Viewed in Google Earth I couldn't see enough detail to come up with a plausible explanation for what the lines represent or how they were created. But, for locations in New York State, other options exist including the very high resolution orthoimagery available from the New York State GIS Clearinghouse (NYSCG). Orthoimagery is a fancy name for aerial photographs; pictures taken from airplanes using high resolution cameras and techniques that minimize distortion. When you take pictures of the earth from a satellite the distance between the satellite and the ground pretty much ensures that the camera is at a right angle to the ground. So there is little or no distortion of the image. When you take those same pictures from an airplane, if the camera is not perfectly parallel with the ground, the images are distorted.

The imagery available from the New York State GIS Clearinghouse (NYSCG) covers (nearly) all of New York State and is available to the public via the NYSGC website. The catch is that there are thousands of files and they are big files. And, once you find the right images, you need a way to view them. These images are geo-referenced meaning that using the right software you can view the images and they will line up correctly with other map-based data layers. The software you use is commonly referred to as GIS; an acronym for Geographic Information System. Loaded into a GIS these geo-referenced images can be analyzed using a variety of methods. They can also be used to provide a base layer on which you overlay other data. This is much like what you do when you view satellite imagery in Google Earth and then add points or lines or outlines (polygons) on top.

The Hemlock Forest orthoimagery (Images Two and Three) (viewed using Quantum GIS) reveals a lot more detail and those curious lines now take on a distinctly man-made look. Particularly telling is the track that comes in from the left and crosses the formation (Image Three). They look like tire tracks but when taking measurements in the GIS I found that the lines in main set are about 50 yards apart. That made me think that they might be ditches created using a tractor or bulldozer. It is also more apparent from the orthoimages that the formations are filled with water. The dark color seen in the formations is the same as the color of small ponds and streams present in nearby areas.

Image Two: The lines are in the center of the image running at roughly a 45 degree angle to the top of the image. The red lines represent the boundary of the State Park. The park boundary is a separate layer viewed on top of the images in the GIS. Source: New York State GIS Clearinghouse.

Image Three: Zooming in for a closer view the structures and the "track" coming in from the left have a distinctly man-made look. Source: New York State GIS Clearinghouse

Still, I had to wonder why someone would create ditches -about 50 yards apart- through the forest at this place. That left only one solution: field trip. From the Hemlock Trail parking area twenty minutes by trail and another half hour winding my way through the swampy forest brought me to the place pictured in Image Four.
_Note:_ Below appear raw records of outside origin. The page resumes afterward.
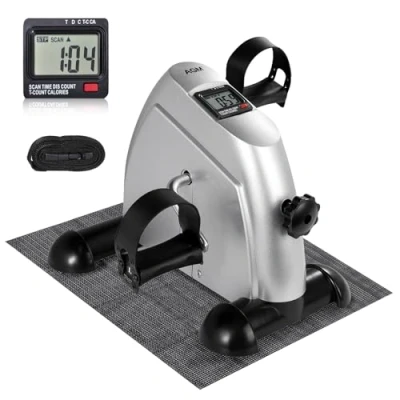 Abbildung von AGM Mini Fitnessbike für zuhause, Arm und Beintrainer Heimtrainer, Sportgerät Bike, Hometrainer Fahrrad Bewegungstrainer Fitnessgerät Zuhause Büro Silver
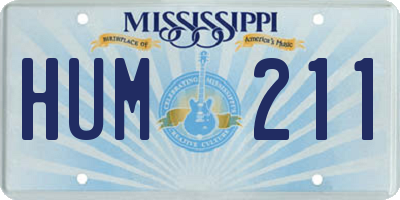 MS license plate HUM211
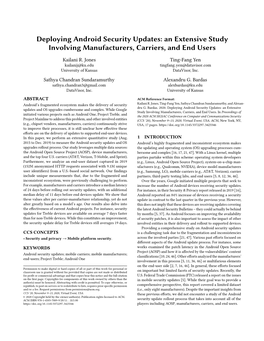 Deploying Android Security Updates: an Extensive Study Involving Manufacturers, Carriers, and End Users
This, clearly, was one of the ditches seen in the orthoimagery and it was also immediately apparent that these are ditches that someone dug.

Image Four: The ground view of one of the water courses seen in the aerial photos. Filled with debris and leaf litter these were probably a few feet deep when created. The surrounding area is a swampy, nearly level. The entire area has very poor drainage. So it seems likely that someone dug these ditches to provide drainage for some type of agriculture.

The ditches are roughly 50 yards apart and run in straight lines through the forest for two to three hundred yards. What was not apparent from the aerial imagery is that the area where these ditches are found is very flat and very swampy. A few larger and older trees are present but most of the trees are roughly the same size (and age). Based on the size of the trees I estimated that this area was probably in use for some type of farming 50 years ago.

But something was still missing. The surrounding areas were all clearly used for agriculture in the past but this area is very wet and it is surrounded by swamps. My visit took place in late November and it had been generally dry, and even so, every depression in this area is filled with water. During wetter parts of the year this area would likely be flooded. The trees that are present are types that you find in a hardwood swamp or floodplain forest.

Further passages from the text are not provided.